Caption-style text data
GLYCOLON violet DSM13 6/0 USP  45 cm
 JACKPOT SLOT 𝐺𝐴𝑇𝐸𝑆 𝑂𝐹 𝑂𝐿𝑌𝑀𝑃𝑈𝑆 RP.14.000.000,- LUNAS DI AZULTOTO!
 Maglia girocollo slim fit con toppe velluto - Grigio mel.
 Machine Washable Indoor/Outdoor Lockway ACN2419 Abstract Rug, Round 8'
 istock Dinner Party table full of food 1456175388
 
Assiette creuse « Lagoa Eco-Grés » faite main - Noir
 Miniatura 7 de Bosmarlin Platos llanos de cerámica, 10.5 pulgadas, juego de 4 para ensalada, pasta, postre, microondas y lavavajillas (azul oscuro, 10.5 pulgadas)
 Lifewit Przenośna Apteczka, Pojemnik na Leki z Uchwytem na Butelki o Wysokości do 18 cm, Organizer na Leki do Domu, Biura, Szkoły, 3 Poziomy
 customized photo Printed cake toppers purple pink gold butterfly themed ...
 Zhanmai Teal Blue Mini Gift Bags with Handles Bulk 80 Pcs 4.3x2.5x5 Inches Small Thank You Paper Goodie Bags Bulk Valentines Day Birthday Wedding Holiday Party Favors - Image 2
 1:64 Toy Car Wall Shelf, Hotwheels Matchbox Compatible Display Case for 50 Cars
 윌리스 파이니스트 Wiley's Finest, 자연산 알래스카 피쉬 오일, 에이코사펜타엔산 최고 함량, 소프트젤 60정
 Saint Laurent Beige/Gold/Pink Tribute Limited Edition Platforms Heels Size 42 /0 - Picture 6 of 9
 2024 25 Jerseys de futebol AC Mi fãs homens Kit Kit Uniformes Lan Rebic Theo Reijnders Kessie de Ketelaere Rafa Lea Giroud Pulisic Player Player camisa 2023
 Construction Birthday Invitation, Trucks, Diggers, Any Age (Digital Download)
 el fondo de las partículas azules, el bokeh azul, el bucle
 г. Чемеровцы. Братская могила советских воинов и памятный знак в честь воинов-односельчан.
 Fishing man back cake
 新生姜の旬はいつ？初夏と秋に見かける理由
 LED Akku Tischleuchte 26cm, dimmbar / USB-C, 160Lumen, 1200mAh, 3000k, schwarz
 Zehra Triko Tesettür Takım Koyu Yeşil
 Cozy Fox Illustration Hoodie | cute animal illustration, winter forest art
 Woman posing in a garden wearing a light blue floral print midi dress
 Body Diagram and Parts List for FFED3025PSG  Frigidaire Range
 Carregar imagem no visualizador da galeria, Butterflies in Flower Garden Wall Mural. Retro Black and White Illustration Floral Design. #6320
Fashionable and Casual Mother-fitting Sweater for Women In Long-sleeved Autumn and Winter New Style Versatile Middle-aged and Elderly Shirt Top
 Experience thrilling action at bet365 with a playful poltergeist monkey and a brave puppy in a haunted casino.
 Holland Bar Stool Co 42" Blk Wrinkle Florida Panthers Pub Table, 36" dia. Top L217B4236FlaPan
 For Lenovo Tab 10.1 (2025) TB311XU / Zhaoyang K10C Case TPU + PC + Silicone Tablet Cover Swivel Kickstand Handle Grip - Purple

**Task to carry out**
Transcribe only the lines from the beginning of the entries to the line with "2024 25 Jerseys", inclusive, exactly as written.

**Solution to this exercise**
GLYCOLON violet DSM13 6/0 USP  45 cm
 JACKPOT SLOT 𝐺𝐴𝑇𝐸𝑆 𝑂𝐹 𝑂𝐿𝑌𝑀𝑃𝑈𝑆 RP.14.000.000,- LUNAS DI AZULTOTO!
 Maglia girocollo slim fit con toppe velluto - Grigio mel.
 Machine Washable Indoor/Outdoor Lockway ACN2419 Abstract Rug, Round 8'
 istock Dinner Party table full of food 1456175388
 
Assiette creuse « Lagoa Eco-Grés » faite main - Noir
 Miniatura 7 de Bosmarlin Platos llanos de cerámica, 10.5 pulgadas, juego de 4 para ensalada, pasta, postre, microondas y lavavajillas (azul oscuro, 10.5 pulgadas)
 Lifewit Przenośna Apteczka, Pojemnik na Leki z Uchwytem na Butelki o Wysokości do 18 cm, Organizer na Leki do Domu, Biura, Szkoły, 3 Poziomy
 customized photo Printed cake toppers purple pink gold butterfly themed ...
 Zhanmai Teal Blue Mini Gift Bags with Handles Bulk 80 Pcs 4.3x2.5x5 Inches Small Thank You Paper Goodie Bags Bulk Valentines Day Birthday Wedding Holiday Party Favors - Image 2
 1:64 Toy Car Wall Shelf, Hotwheels Matchbox Compatible Display Case for 50 Cars
 윌리스 파이니스트 Wiley's Finest, 자연산 알래스카 피쉬 오일, 에이코사펜타엔산 최고 함량, 소프트젤 60정
 Saint Laurent Beige/Gold/Pink Tribute Limited Edition Platforms Heels Size 42 /0 - Picture 6 of 9
 2024 25 Jerseys de futebol AC Mi fãs homens Kit Kit Uniformes Lan Rebic Theo Reijnders Kessie de Ketelaere Rafa Lea Giroud Pulisic Player Player camisa 2023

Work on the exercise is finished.